Sudddenly I was thinking wildly to a book I read sometimes twenty years ago on our first president, Soekarno, on how he screamed at the UN General Assembly summit in New York. He declared that Indonesia is dropping-out as member of civilized country in an organization called United Nations correspond to his great hatred to colonialism and it’s baby doll country called Malingsia—excuse me, Malaysia. I wonder how he would react to current and annoying new traits of our beloved neighbor today claiming any thing that landed on their land as their genuine and most privileged culture. I betting you if they have discovered a Mayan-Inca cultural artifact—as of a small cloth from that civilization—in Perlak sometimes next week, they will claim it a “truly Malaysian cultural heritage”. On the other hand, our country’s most respective government has written a protest note to the monarchy country—another protest notes.

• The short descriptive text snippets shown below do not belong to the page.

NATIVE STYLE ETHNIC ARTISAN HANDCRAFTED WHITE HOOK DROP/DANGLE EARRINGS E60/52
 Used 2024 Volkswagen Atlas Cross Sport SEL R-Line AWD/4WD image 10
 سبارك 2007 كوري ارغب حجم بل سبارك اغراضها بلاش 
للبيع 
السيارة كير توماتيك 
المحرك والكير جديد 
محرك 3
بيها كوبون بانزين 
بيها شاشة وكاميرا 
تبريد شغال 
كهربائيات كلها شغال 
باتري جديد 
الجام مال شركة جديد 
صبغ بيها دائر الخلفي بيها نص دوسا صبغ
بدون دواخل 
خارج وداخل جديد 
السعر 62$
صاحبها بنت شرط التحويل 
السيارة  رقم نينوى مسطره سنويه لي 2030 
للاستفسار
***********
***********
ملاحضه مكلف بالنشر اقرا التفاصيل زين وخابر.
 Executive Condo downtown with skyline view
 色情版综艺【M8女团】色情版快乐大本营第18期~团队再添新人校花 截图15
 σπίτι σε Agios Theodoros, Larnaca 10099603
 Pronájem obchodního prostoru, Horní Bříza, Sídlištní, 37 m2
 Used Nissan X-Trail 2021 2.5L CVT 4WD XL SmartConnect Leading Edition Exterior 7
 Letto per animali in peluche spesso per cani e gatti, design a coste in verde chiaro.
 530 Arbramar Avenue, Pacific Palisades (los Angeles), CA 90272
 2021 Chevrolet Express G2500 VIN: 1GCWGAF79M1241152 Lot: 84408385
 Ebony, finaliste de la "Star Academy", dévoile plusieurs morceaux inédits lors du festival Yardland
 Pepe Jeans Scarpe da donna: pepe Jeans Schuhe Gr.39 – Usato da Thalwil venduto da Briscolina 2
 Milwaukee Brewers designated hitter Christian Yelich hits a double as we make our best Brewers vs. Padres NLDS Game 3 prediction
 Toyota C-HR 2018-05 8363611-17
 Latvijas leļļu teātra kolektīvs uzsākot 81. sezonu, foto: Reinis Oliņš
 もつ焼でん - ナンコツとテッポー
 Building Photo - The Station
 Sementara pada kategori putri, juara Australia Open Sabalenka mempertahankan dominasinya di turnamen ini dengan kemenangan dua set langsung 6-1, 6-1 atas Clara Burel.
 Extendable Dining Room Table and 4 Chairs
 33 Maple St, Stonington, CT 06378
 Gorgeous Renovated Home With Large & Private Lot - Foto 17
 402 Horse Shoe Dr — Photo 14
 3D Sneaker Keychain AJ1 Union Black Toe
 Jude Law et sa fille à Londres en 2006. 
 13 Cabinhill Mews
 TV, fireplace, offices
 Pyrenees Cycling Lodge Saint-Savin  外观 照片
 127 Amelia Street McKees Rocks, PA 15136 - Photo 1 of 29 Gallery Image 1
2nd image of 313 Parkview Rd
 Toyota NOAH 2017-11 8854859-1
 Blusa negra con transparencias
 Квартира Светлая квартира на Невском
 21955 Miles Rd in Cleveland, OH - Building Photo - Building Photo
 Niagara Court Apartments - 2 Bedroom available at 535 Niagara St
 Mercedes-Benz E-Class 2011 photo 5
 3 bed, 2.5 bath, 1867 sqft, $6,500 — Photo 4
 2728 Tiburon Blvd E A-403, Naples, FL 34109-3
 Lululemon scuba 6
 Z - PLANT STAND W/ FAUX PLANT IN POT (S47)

People say you will really miss something you had when you no longer had them on you. But today, we will not only miss Batik, tari Pendet, Reog Ponorogo (and I don’t know what else they got) as our truly Indonesia art, but we will also have to pay the property and intellectual rights only to watch them in some years tomorrow. If you have something in your hand today, you have to claim them earlier than other people do. You might miss the chance when they call your name but gave the prize to someone else. Malaysia is a country with lesser cultural and natural richness, and in this case Indonesia is absolutely lose in preempting this happening over and over. Our children and children’s children will only see Reog and Pendet in films if we cease to stop this.
The essence of culture is to preserve its practice to a current and immanent to its people to the extend that people willing to identify themselves with the very cultural rites voluntarily. If we screamed to the government to protect our culture, so that they could re-claim and scold Malaysia, it is good, but not right. The Malaysian evidently had shown great appreciation and willing to be scorned by most Indonesians by claiming Pendet their heritage. The claim is absolutely preposterous, but to see them claiming this indeed weighty for our concern; a serious concern.
Would you claim your brother’s house unless you know your brother is no longer showing respect to his ownership to that very matter?. You are what you are capable of. I you are able to lift a 200 kilograms or wight single-handedly, people will say you are powerful. If you own millions of miles of sea-lines and could not even swim, people will throw questions and doubting that you really deserve that vast blessings from God. If you call yourselves Bhinekka Tunggal Ika but many times quarrel in ethnic, religion based brawl, you might as well re-thinking the catchphrase. Maybe we are not as what we think we are, and this is a chance for anybody to steal anything from us. Logically, what they are doing is simply showing that.
Morally, the act of claiming other’s songs and dances as one’s belongings are simply rude and disgraceful. If you are saying to my ears that you are my brother, you will not steal your brother’s clothing. My culture is my identity, my appearance, self-identity I claimed before human and given by God. By stealing them, you are stealing our clothing. You are claiming to be democratic, but your traits are simply hurting, betrayal, and I am sorry: criminal. Stop stealing our identities, stop forcing yourself to be like us, stealing everything that is ours is simply stealing our identities. Better change your tagline, since you are already “Truly Indonesia”.